Rabbia e apprensione. E poi un senso di ingiustizia e solitudine. È stato un anno duro per gli ebrei italiani. L'ostilità è esplosa subito dopo il 7 ottobre - prima ancora della reazione di Israele. «Io l'ho percepita questa ostilità - racconta Davide, avvocato milanese - l'aperta avversione l'avevo già conosciuta ben prima del 7 ottobre, ora però, il senso di isolamento è aumentato, perfino alcune persone che credevo amiche fanno fatica a tendermi una mano». «In quest'anno - prosegue - senza che lo avessi pianificato, i miei rapporti al di fuori del lavoro sono stati quasi soltanto con altri ebrei. Inoltre, mi guardo bene dall'indossare ancora una kippah in pubblico.
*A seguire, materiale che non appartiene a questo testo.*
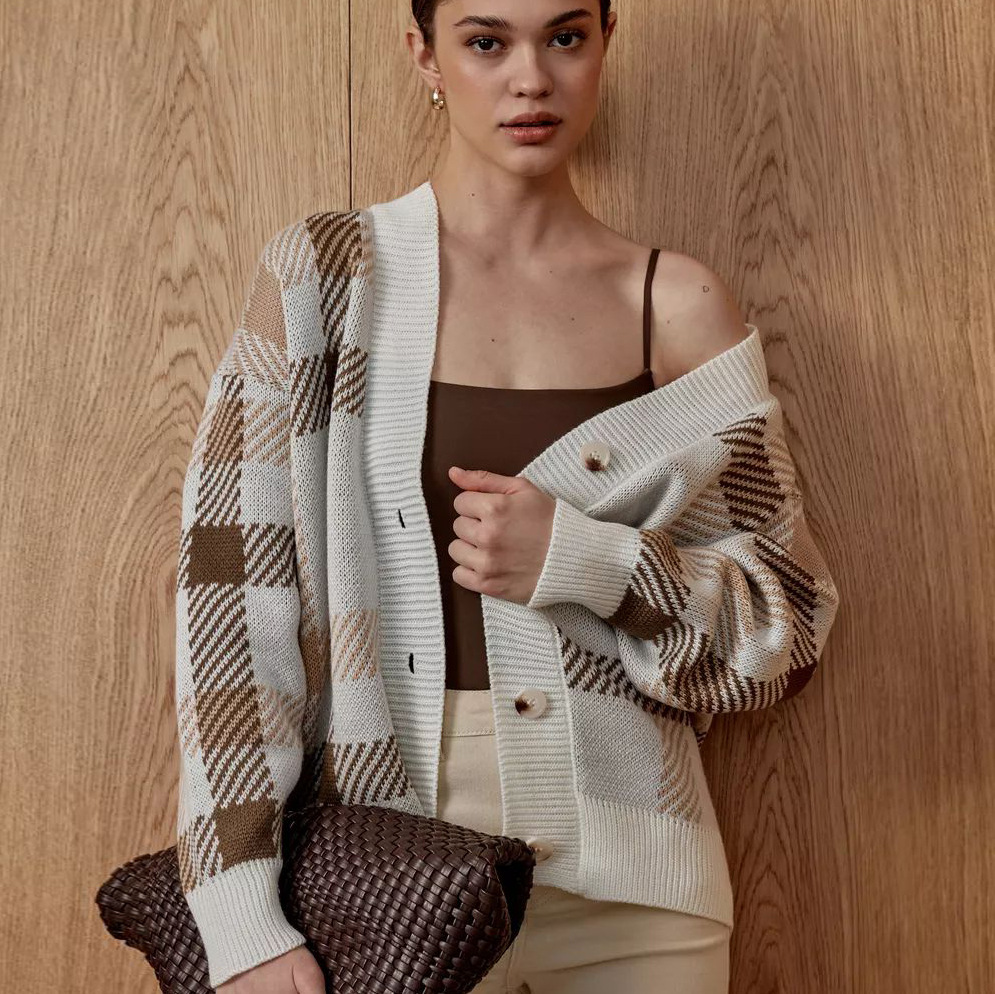 Women's Clothing Karelian plaid single breasted button down cardigan jacket_voghion.com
Non c'è un clima che mi permette di farlo e non so se mai tornerà».
«Mi sento tradito e offeso da tutti coloro che in Italia non hanno capito la gravità dell'attentato che abbiamo subito, ma anche la gravità di ciò che ha preceduto e seguito il 7 ottobre - racconta Stefano Scaletta (foto in alto), storico, autore di studi importanti sulla Brigata ebraica - Sulla nostra pelle viviamo una nuova ondata di antisemitismo che ci fa male come israeliani, ebrei, italiani». Scaletta vive a Tel Aviv e ha doppia cittadinanza. «Nessuno - dice - accetterebbe una quotidianità fatta di minaccia e tentativi di annientarci e annientare Israele. Ed è assurdo che qui, in un Paese che ha conosciuto le leggi razziali ci siano manifestazioni che inneggiano al 7 ottobre. Per noi è come se si inneggiasse alla camere a gas».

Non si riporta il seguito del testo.